O governo almeja revitalizar o sistema, entre outras razões, por causa das baixas taxas de juros e do envelhecimento da população, fatores que vêm exercendo forte pressão sobre o equilíbrio dos planos, ocasionalmente resultando na redução de benefícios conforme determina o regulador Der Nederlandsche Bank (DNB). O aumento do trabalho autônomo e flexível, por sua vez, impactou o sistema na medida em que um número menor de pessoas ingressa nos programas capitalizados.
“Fiquei particularmente desapontado com o fato de os novos contratos CD serem bastante complicados e de difícil compreensão para os participantes”, ressalta Mehlkopf.

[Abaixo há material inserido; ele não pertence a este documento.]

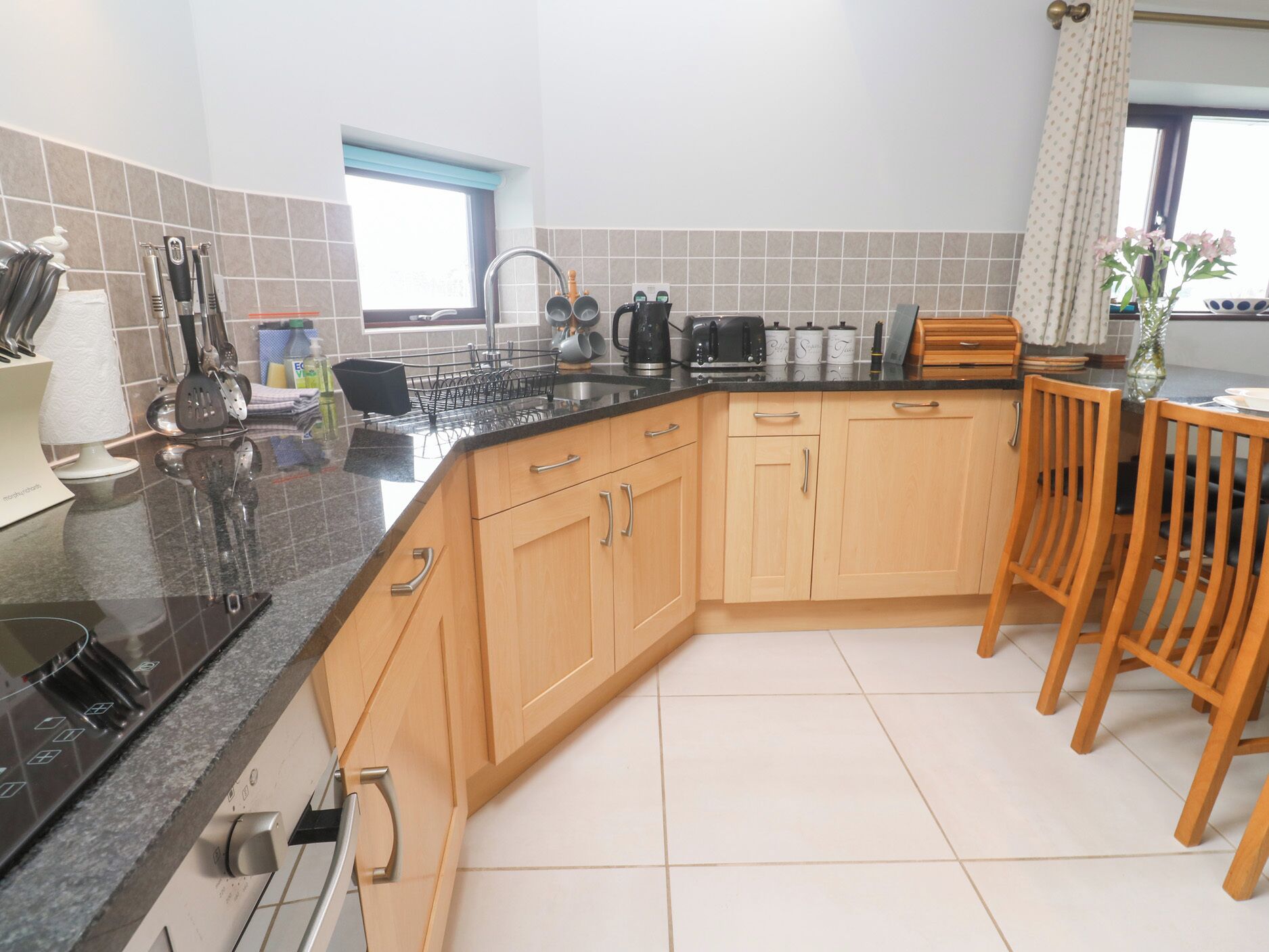 Lavavajillas y utensilios de cocina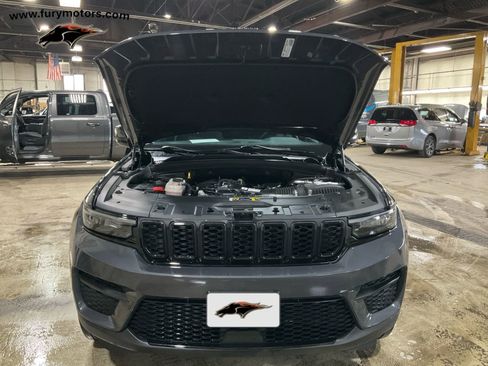 Used 2023 Jeep Grand Cherokee Altitude image 24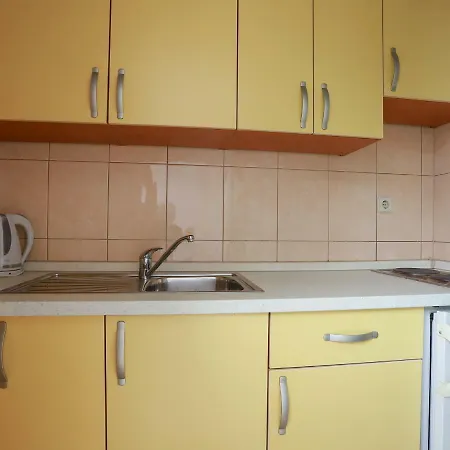 Pezo * Baška Voda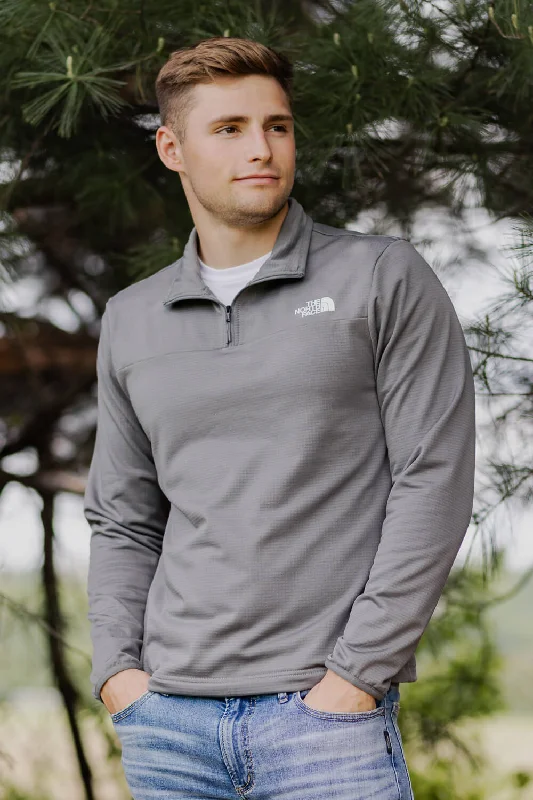 The North Face Cedar Trail Grid Fleece 1/4 Zip for Men in Grey | NF0A8AZE-0UZ-GRY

A simplicidade e a flexibilidade de escolha individual, lamenta o especialista, também receberam pouca atenção no árduo processo de negociação de reforma.
Os futuros programas de Contribuição Definida precisam prever ainda uma “reserva solidária”, que poderá ser utilizada no compartilhamento de riscos. Além disso, a migração efetiva exigirá um meticuloso plano de transição que leve em consideração os impactos sobre cada plano BD, bem como o cálculo de eventual compensação a indivíduos que forem comprovadamente prejudicados. Esses e outros aspectos da reforma de um dos maiores sistemas privados do mundo, com cerca de €1,5 trilhão em ativos sob gestão, são abordados por Roel Mehlkopf na entrevista a seguir.
Na Holanda, a reforma da previdência vem sendo debatida há anos. Houve finalmente um consenso para a sua aprovação? Quais são os prazos de implantação das medidas a partir de agora?
Roel Mehlkopf – A lei previdenciária holandesa foi aprovada pelo senado em maio. Ela possibilita a conversão dos direitos acumulados nos planos de Benefício Definido (BD) existentes para novos planos de pensão de Contribuição Definida (CD) com o compartilhamento coletivo de riscos. De acordo com a nova legislação, os parceiros sociais têm até 2025 para decidir como irão fazer essa transição. Posteriormente, foi fixado um prazo até 2028 para que os novos contratos CD sejam efetivamente criados e os direitos BD “migrados” para os planos que forem estabelecidos.
Quais as principais razões por trás dessa reforma?
Roel Mehlkopf – Os contratos previdenciários de Benefício Definido ainda predominam nos Países Baixos, embora tenham sofrido diversas mudanças ao longo da última década. Nesse período, os empregadores gradualmente deixaram de ser patrocinadores de riscos e, consequentemente, os participantes (incluindo os já aposentados) passaram a arcar com os riscos sistemáticos de investimento e longevidade. A reforma facilita a transição para os novos planos de Contribuição Definida que forem sendo desenhados, havendo regras explícitas sobre como os ganhos e perdas futuros serão distribuídos entre as diferentes gerações. O objetivo é melhorar a alocação de riscos entre as coortes etárias e dirimir dúvidas sobre a propriedade dos ativos previdenciários entre gerações.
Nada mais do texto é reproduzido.